● **Materials provided**:

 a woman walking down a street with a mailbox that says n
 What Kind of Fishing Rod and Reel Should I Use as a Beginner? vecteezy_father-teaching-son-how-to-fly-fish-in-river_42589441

* * *

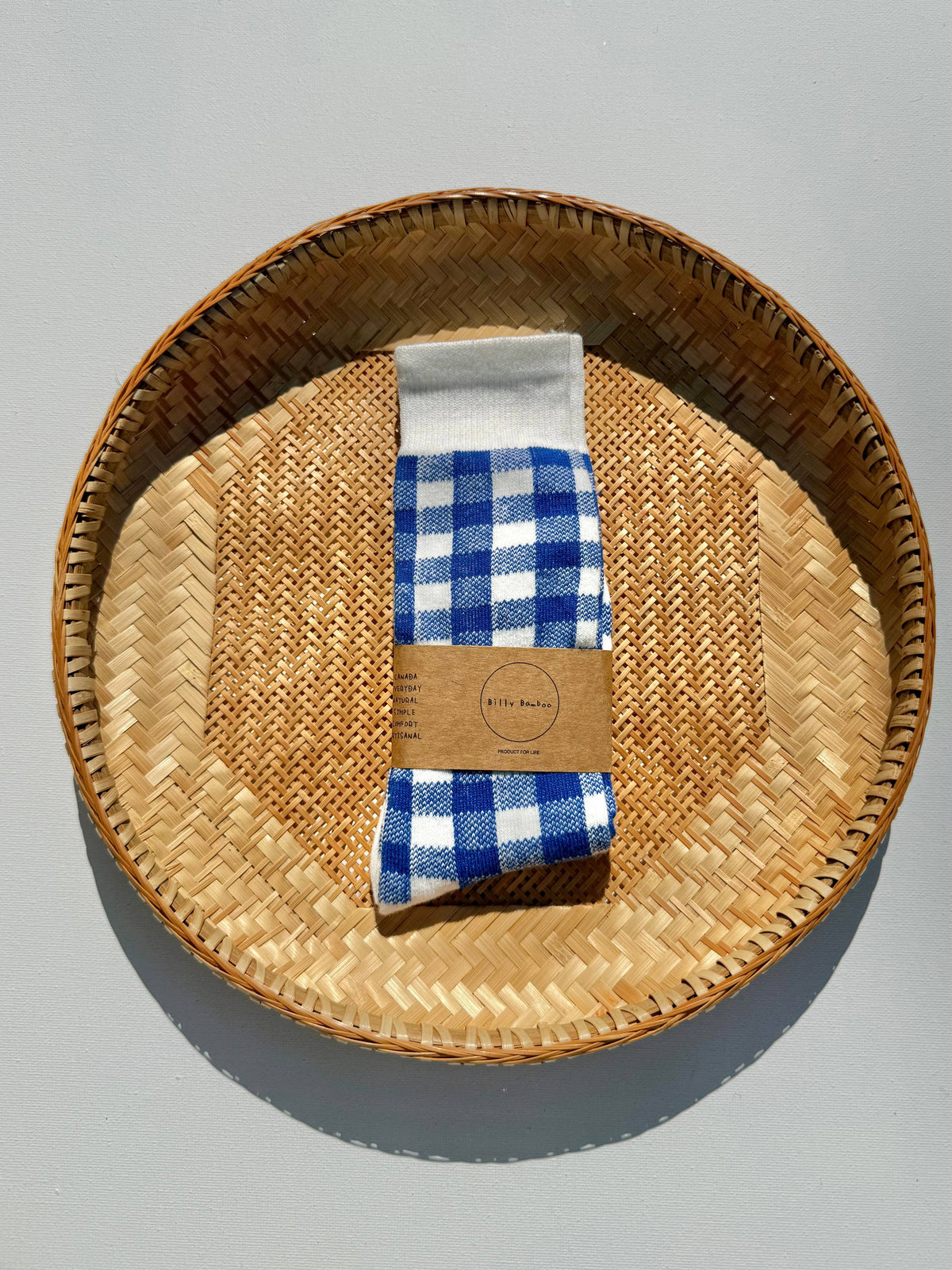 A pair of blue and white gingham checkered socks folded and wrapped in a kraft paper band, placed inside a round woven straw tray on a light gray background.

● **Task objective**: Beginning with the line above that contains "a woman walking", copy each line exactly up to and including the line that contains "What Kind of", and go no further.

● **Exercise output**:
 a woman walking down a street with a mailbox that says n
 What Kind of Fishing Rod and Reel Should I Use as a Beginner? vecteezy_father-teaching-son-how-to-fly-fish-in-river_42589441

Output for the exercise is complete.